Düşünebiliyor musunuz, bu resimdeki ve benzeri binler, yüzbinlerce bahçe ile dolu bir ülke? Hatta her evin arkasında, çevresinde. Mümkün mü? Tabii ki mümkün. Sonuçta fotoğraftaki bir başka ülkede bir evin bahçesi, öyle milyarderlerin filan da değil. Seçim o ülkedeki insanların seçimi, beton mu bahçe mi?
İçimde her zaman bir bahçe özlemi var ama şu ana dek yaşamımın neredeyse tümü, ülkemizdeki çoğu kişi gibi bahçesiz beton yığınları arasında geçti. Nasıl istemez ki insan doğanın güzelliğini, getirdiği esenliği, getirdiği ümidi.
Halbuki Tanrı ilk yaratılışta insanı yarattığında o insanlar için bir bahçe dikip onları o bahçenin içine koydu. Tanrı sevgi ve sevinçle yarattıkları için bir bahçe “dikti”. Anlaşılan sadece ‘ol’ dedi ile olmadı. “Dikti – yetiştirdi”, uğraştı. İçinde güzellik bulacakları, yaşayabilecekleri bir yer yarattı, bundan zevk aldı.
“RAB Tanrı doğuda, Aden’de bir bahçe dikti. Yarattığı Adem’i oraya koydu. Bahçede iyi meyve veren türlü türlü güzel ağaç yetiştirdi.” (Yaratılış 2:8-9)
Ve biz betonu seçtik!!!
Belki bendeki o bahçeye geri dönebilmek özlemidir. Sanırım bir çoğumuzda da aynı özlem var. Adem ve Havva bahçeden atıldıktan sonra eminim tek istekleri geri dönmekti. İyi Yaratan ve güzel yaratılanlar ile tekrar birlikte olabilmek. Ah o boş pişmanlıklar.
Ama iyi Tanrı dünyada doğruların da eğrilin de üzerine yağmurunu yağdırırken (Matta 5:45) bahçelerle ve tüm yaratılışla kim olduğunu, bizi nereye götürmek istediğini hatırlatıyor.
İsa çarmıhtan hemen önce bahçede dua ederken, bu bahçede kalabilmek için değil o bahçede olması gereken bizler için kanlı terler döküyordu. Bizler halen uyurken.

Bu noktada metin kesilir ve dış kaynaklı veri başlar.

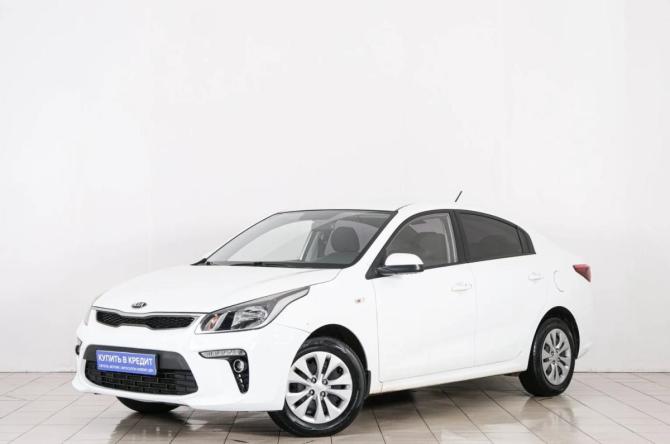 Kia Rio IV с пробегом 2020 года, цена 1 499 000 рублей, 72000 км, седан, Автокод Объявления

Bahçenin serinliğinde uyumak yerine betonlara sarılıp boğucu havasızlıklarını tercih ediyoruz. Para ve güç getiren betonu, sevgi ve esenlik getiren bahçeye tercih ediyoruz. İsa’nın öğrencisiyim deyip güç ve para peşinde koşanlar betoncudur, bahçeleri sevmezler. Bahçeyi sevmeyen, bahçeye dönmeyi neden bekler ki.
Ama ben geçici bir süre de olsa resimdeki bahçede çapaladım, çabaladım; İsa’nın bahçe kapısını ebedi olarak açtığını ve o muhteşem bahçeye geri dönüşün olacağının esenliği ile.